Who wouldn’t want that opulent lifestyle?
But it turns out even advisors who work with average high-net-worth clients can feel envious, and unhappy. That’s the finding of a U.S. survey from Kitces Research that delved into advisors’ sense of self-worth.
“As human beings, we tend to compare ourselves to others,” says Michael Kitces, certified financial planner (CFP) and head of planning strategy at Buckingham Strategic Wealth in Washington, D.C. He is also the publisher of the popular financial planning industry blog Nerd’s Eye View on Kitces.com.
“We’re not immune to this as advisors, in being around clients, and the income and wealth that they have.”
In a world where those riding the subway guide those driving a Rolls Royce, an advisor’s self-confidence and life satisfaction can take a beating. The findings showed that while advisors tend to have a naturally high sense of self-worth, there’s a small but real pattern of decline as a client’s net worth grows.
And there’s a much steeper decline of the advisor’s positive self-image and happiness as that client’s assets exceed US$2.5-million. The report posits that as some clients move up to a higher socioeconomic sphere, their advisors may start to question whether they’re still up to the job of guiding them.
Keeping up with the Vanderbilts can take an emotional toll in other ways too. Research shows people who experience more envy also report more depression and lower self-confidence as negative self talk increases.

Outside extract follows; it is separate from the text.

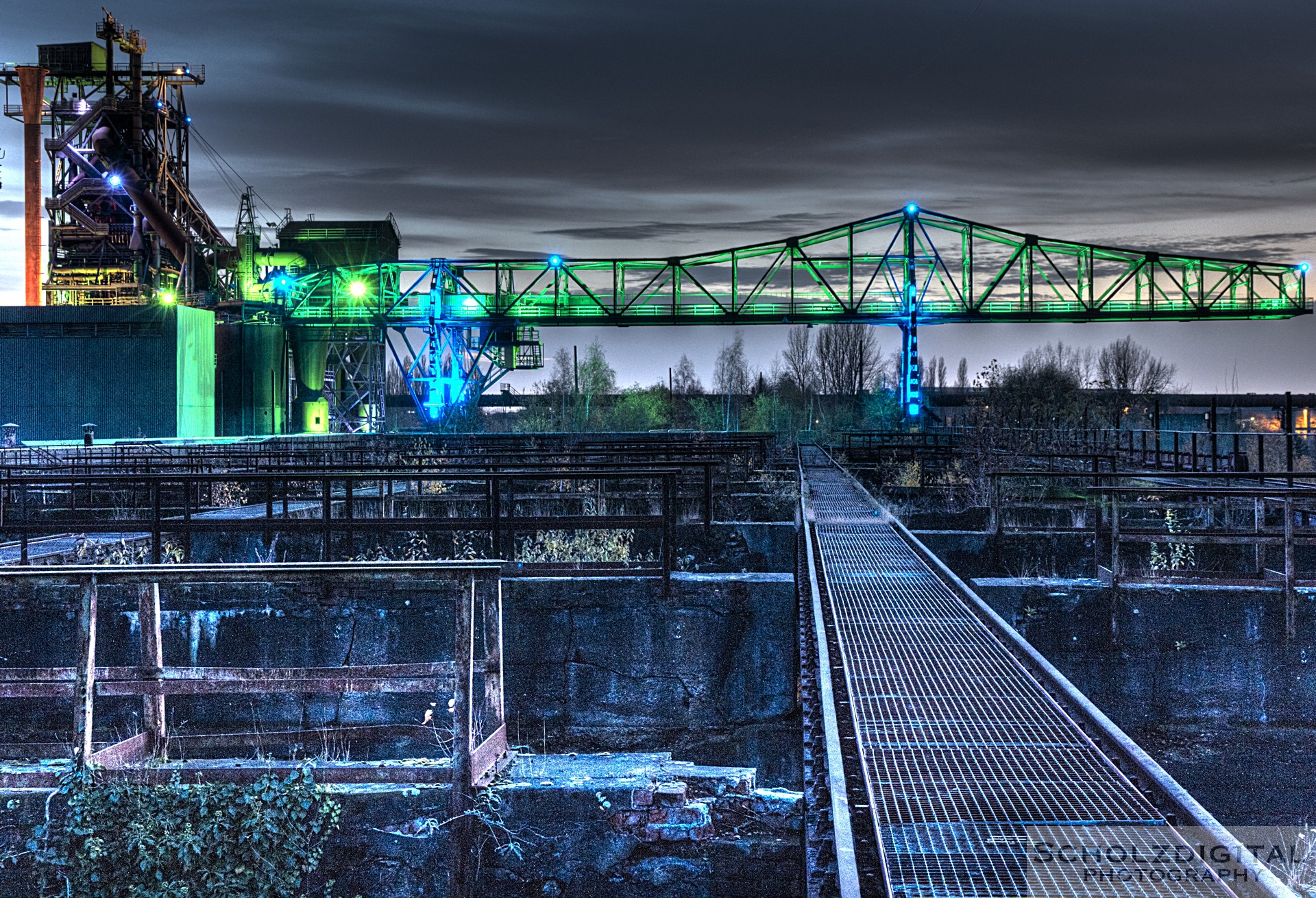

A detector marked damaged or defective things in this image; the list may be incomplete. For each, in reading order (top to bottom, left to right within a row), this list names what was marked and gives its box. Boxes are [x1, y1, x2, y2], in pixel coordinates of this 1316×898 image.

rusty chimney [15, 64, 46, 305]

But ask Tom McCullough, co-founder, chairman and chief executive officer of Northwood Family Office in Toronto, which works solely with very wealthy clients, how he handles the green-eyed monster and he’s quick to point out, he doesn’t have to. Money isn’t what drives him.
“Being in our field, you can’t live that way,” he says. “This is just a different category of people. If someone has a billion dollars and if you’re oriented toward living with jealousy and lack of self-worth, you’re in the wrong business.”
Mr. McCullough says it also helps he has chosen to work with very affluent clients who are generally humble about their wealth. Many of them were entrepreneurs who built successful businesses and now need a way to navigate their new reality. They’re looking for guidance with everything from complex tax strategies to philanthropic choices.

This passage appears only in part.